Voice Input

The Amurg UI supports voice dictation with two backends. The default mode uses the browser's built-in Web Speech API and requires no setup. For private, offline speech recognition, you can connect a local Whisper server.

Voice Modes

Mode	Backend	Setup	Privacy
Browser (default)	Web Speech API (Chrome, Edge, Safari)	None — works out of the box	Audio may be sent to the browser vendor's cloud service
Local Whisper	Self-hosted Whisper ASR server via WebSocket	Run a Whisper server, configure the URL in settings	Fully local — audio never leaves your machine

Switch modes via the gear icon next to the microphone button. Settings are saved in localStorage under the key amurg-voice.

How to Use

The microphone button supports two interaction styles:

Gesture	Action
Hold to talk	Press and hold the mic button for more than 200ms. Recording stops when you release.
Tap to toggle	Quick-tap (under 200ms) to start recording, tap again to stop. Useful on mobile.

Edit before send

Transcribed text is appended to the message input field — it is never sent automatically. You can review, edit, or add to it before pressing send. While you speak, a real-time interim preview is shown above the input field.

Visual Feedback

Indicator	Meaning
Red mic button	Recording is active
Pulsing ring around button	Audio level visualization (scales with input volume)
Italic text above input	Interim transcription (partial, live as you speak)
Green ring on input field	Final transcription received (flashes briefly)

Browser Mode

The default mode uses the browser's SpeechRecognition API (or webkitSpeechRecognition on Safari). It requires no server or configuration.

Browser	Support
Chrome / Edge	Full support
Safari (iOS 14.5+, macOS)	Full support
Firefox	Not supported (mic button hidden)

Language Detection

The browser mode uses navigator.language for speech recognition language, falling back to en-US. This means it automatically matches your browser's language setting.

Local Whisper Mode

For private, offline speech recognition, you can run a Whisper-compatible ASR server and point the UI at it. Audio never leaves your machine.

Setup

Run a Whisper ASR server that accepts WebSocket connections and receives audio/webm chunks.
Click the gear icon next to the microphone button in the Amurg UI.
Select Local Whisper.
Enter the WebSocket URL (e.g. ws://localhost:8000/asr).

Protocol

The UI streams audio to the Whisper server in 250ms chunks using MediaRecorder with audio/webm;codecs=opus format. The server is expected to respond with JSON messages containing transcription results.

Expected server responses

The UI looks for a text or transcript field in the JSON response. It also recognizes partial/interim results via buffer, segments, is_final, and type: "partial" fields.

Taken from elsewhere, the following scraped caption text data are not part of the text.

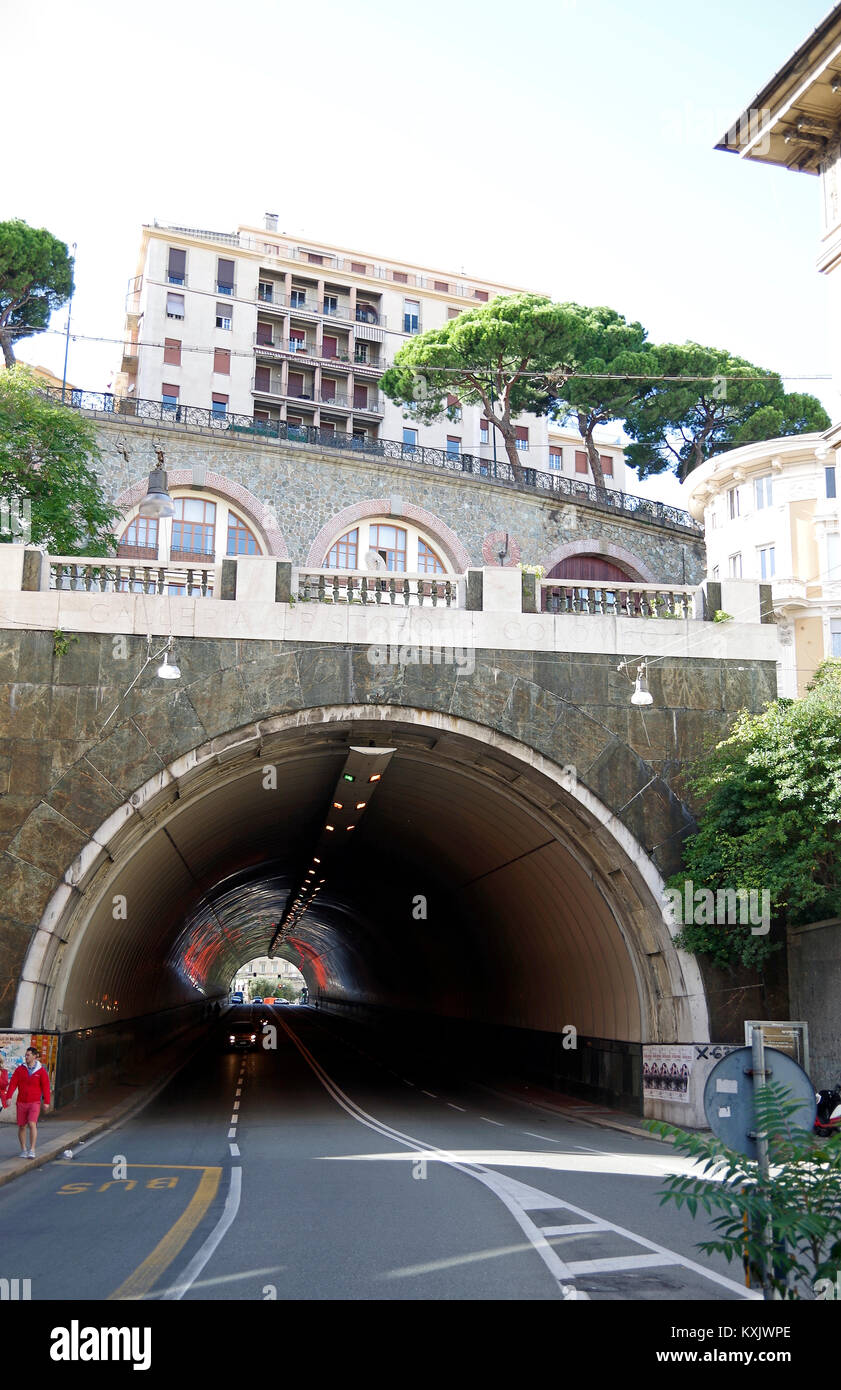 Genua Italien, eine vielschichtige Stadt, Galleri C.Colombo Tunnel verbindet zwei Teile der Stadt mit Straßen auf mehreren Ebenen darüber, Stockfoto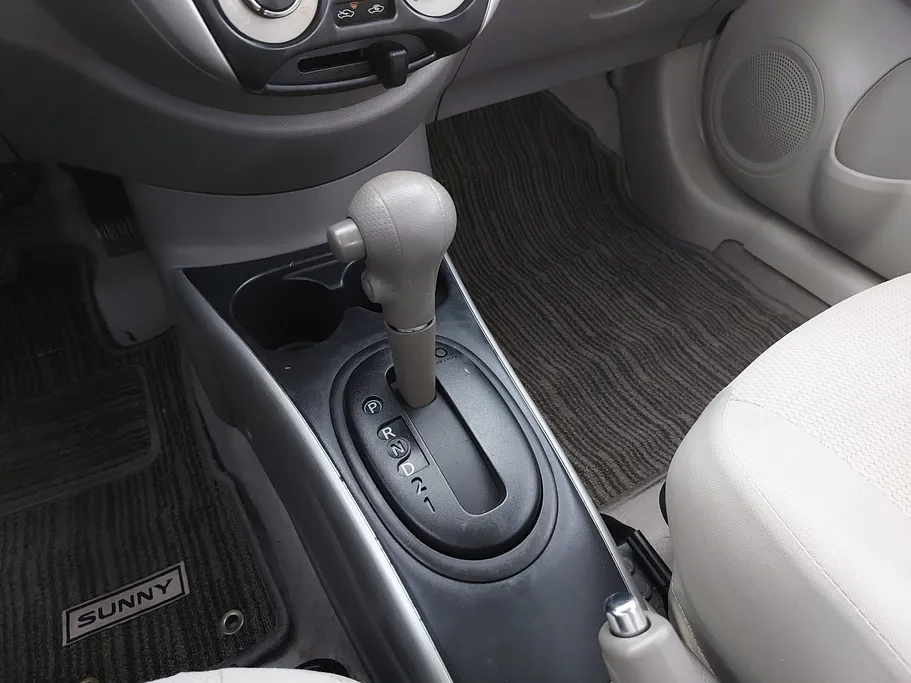 2022 Nissan Sunny SV Comfort 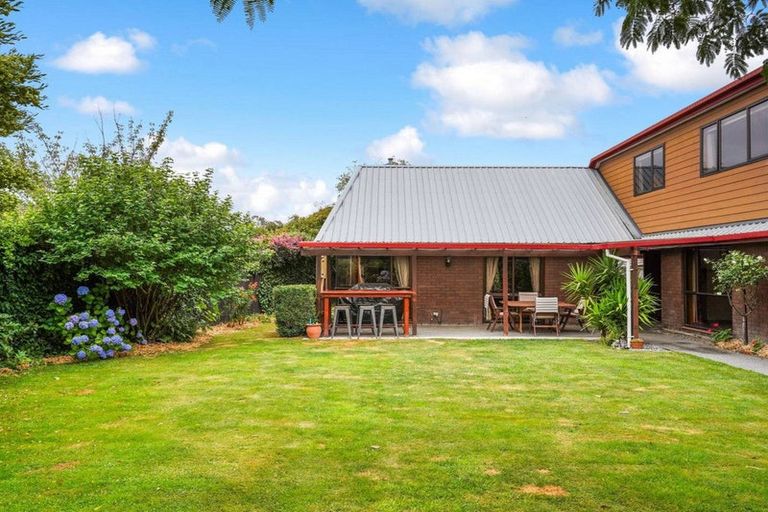 Photo of property in 13 Shanaway Close, Halswell, Christchurch, 8025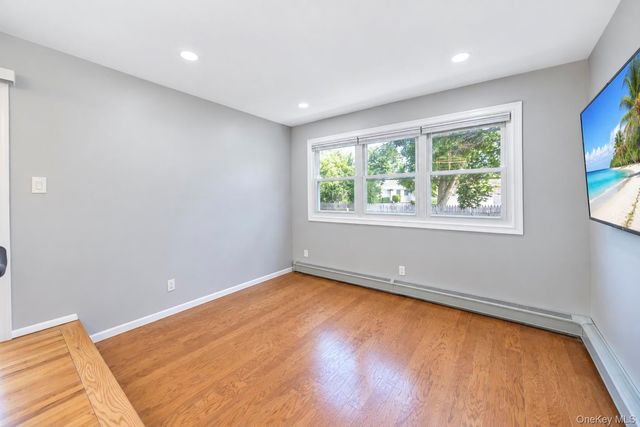 1 Azealia Court, Commack, NY 11725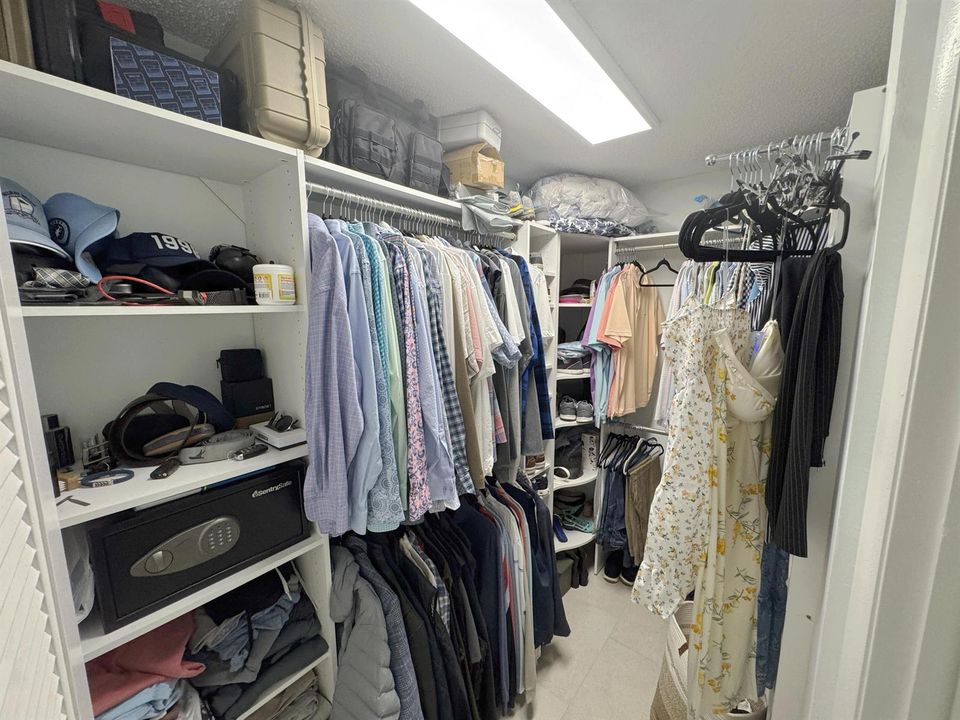 walk in closet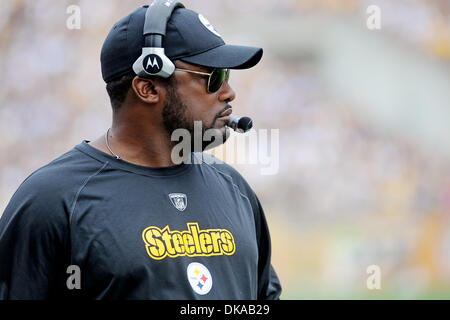 Sett. 18, 2011 - Pittsburgh, PENNSYLVANNIA, U.S - Pittsburgh Steelers capo allenatore Mike Tomlin in disparte durante il primo trimestre di Pittsburgh Steelers prendere a Seattle Seahawks a Heinz Field di Pittsburgh, PA...Steelers sconfiggere il Seahawks 24-0. (Credito Immagine: © Dean Beattie/Southcreek globale/ZUMAPRESS.com) Foto Stock
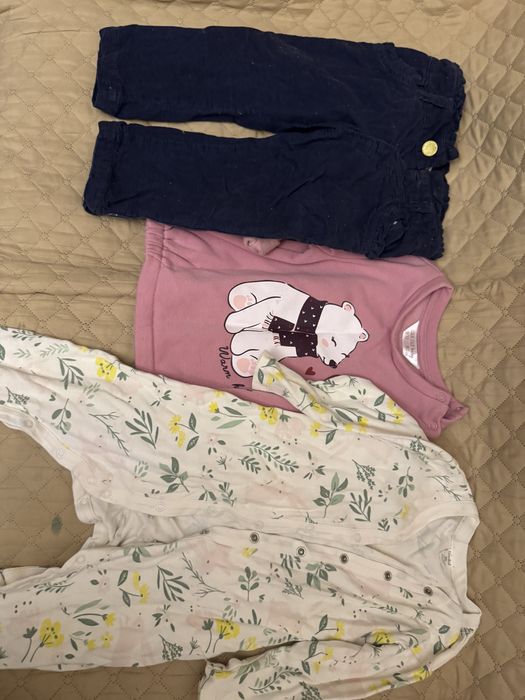 Отдам бесплатно детскую одежду на девочку до года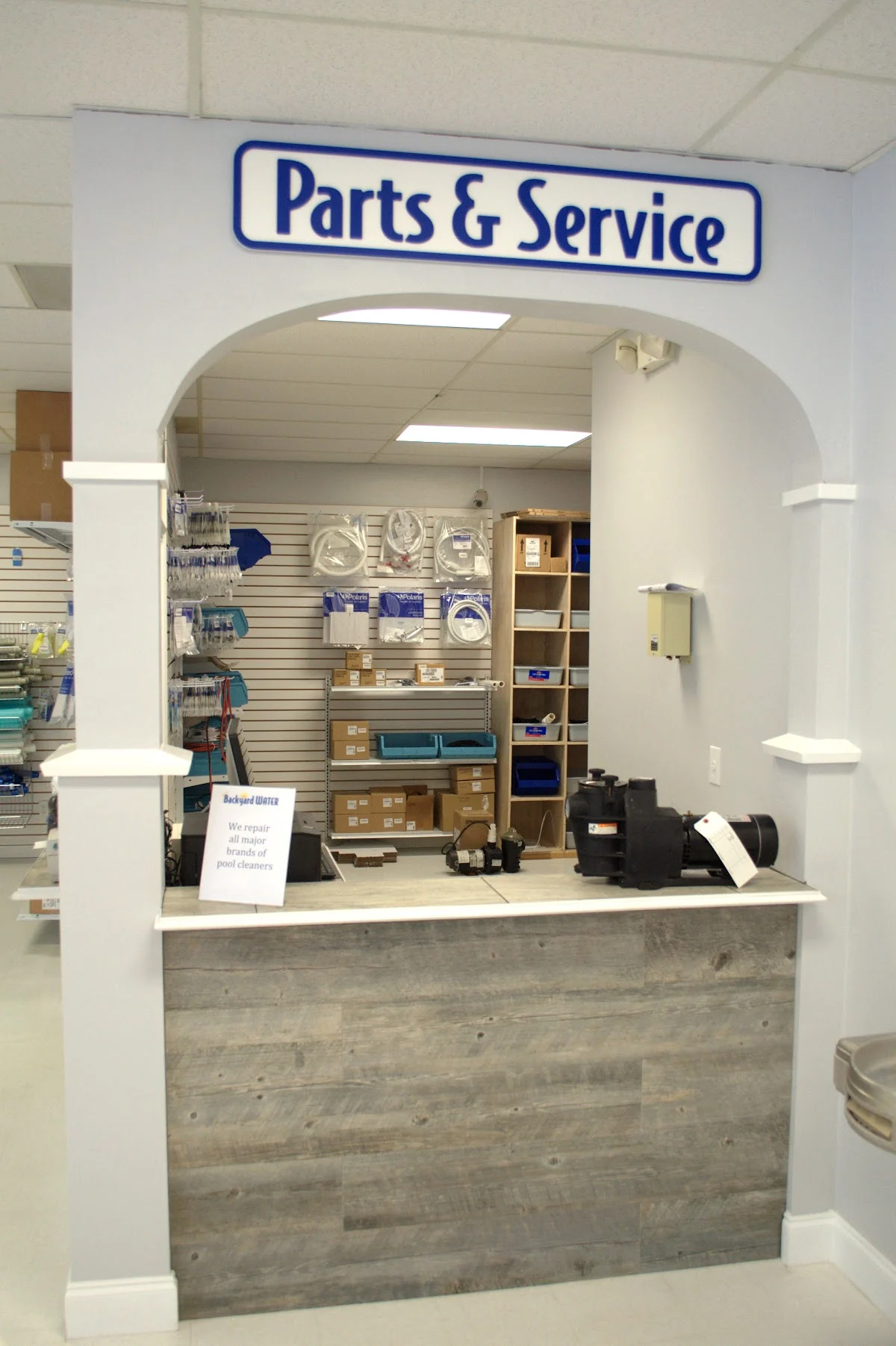 Leslie's - 2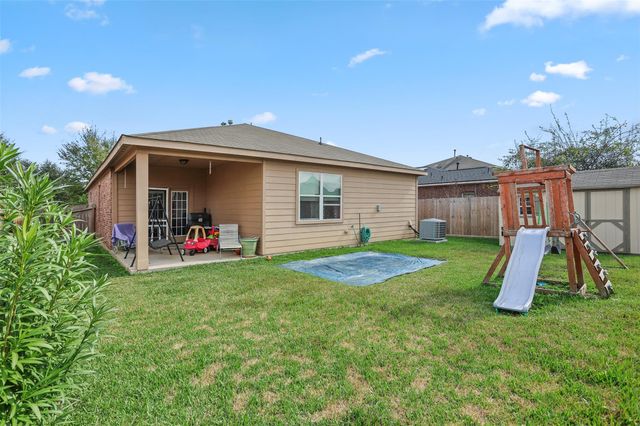 812 Indigo Springs Ln, La Marque, TX 77568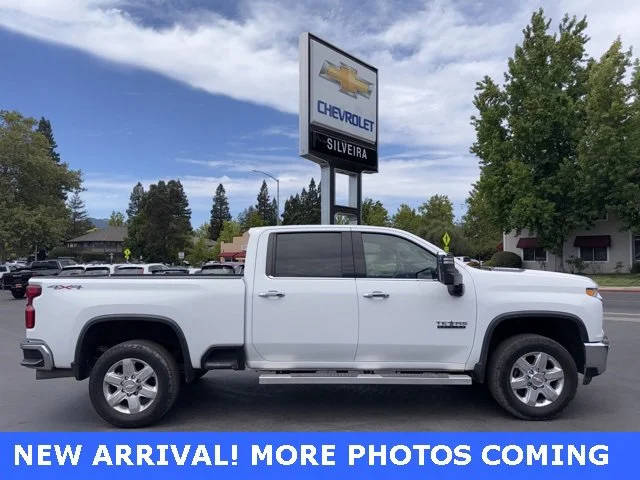 2022 Chevrolet Silverado 2500HD LTZ 4WD photo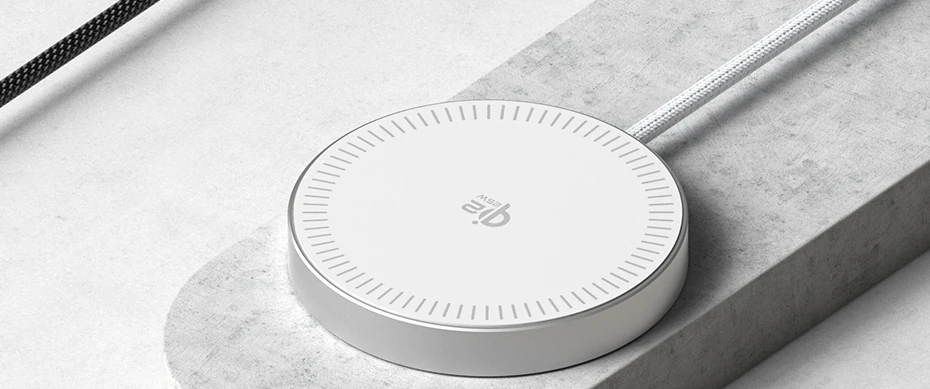 Hagibis Dual-Sided Magnetic Wireless Charger Qi2 25W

// Partial transcription (shown as interim preview)
{"type": "partial", "text": "hello wor"}

// Final transcription (appended to input field)
{"text": "hello world", "is_final": true}

// Alternative field names also accepted
{"transcript": "hello world"}

Compatible Servers

Any Whisper ASR server that accepts WebSocket audio streaming and returns JSON with a text or transcript field will work. Popular options include whisper_streaming and WhisperLive.

Settings Storage

Voice settings are persisted in localStorage under the key amurg-voice as a JSON object:

{
  "mode": "browser",
  "whisperUrl": "ws://localhost:8000/asr"
}

Field	Type	Default	Description
`mode`	string	`"browser"`	`"browser"` or `"whisper"`
`whisperUrl`	string	`""`	WebSocket URL for the Whisper server

Troubleshooting

Problem	Solution
No microphone button visible	Your browser does not support the Web Speech API (e.g. Firefox). Switch to Chrome, Edge, or Safari.
"Microphone access denied" toast	Grant microphone permission in your browser settings. On mobile, check app-level permissions too.
Recognition stops after ~60 seconds	Some mobile browsers kill long-running speech recognition. The UI auto-restarts it. Tap the mic again if needed.
Whisper mode shows no transcription	Check that the Whisper server is running and the WebSocket URL is correct. Open browser dev tools to inspect WebSocket frames.
Whisper mode: "Connection failed"	Ensure the Whisper server accepts WebSocket connections. If using HTTPS for the UI, the Whisper URL must also be `wss://` (browsers block mixed content).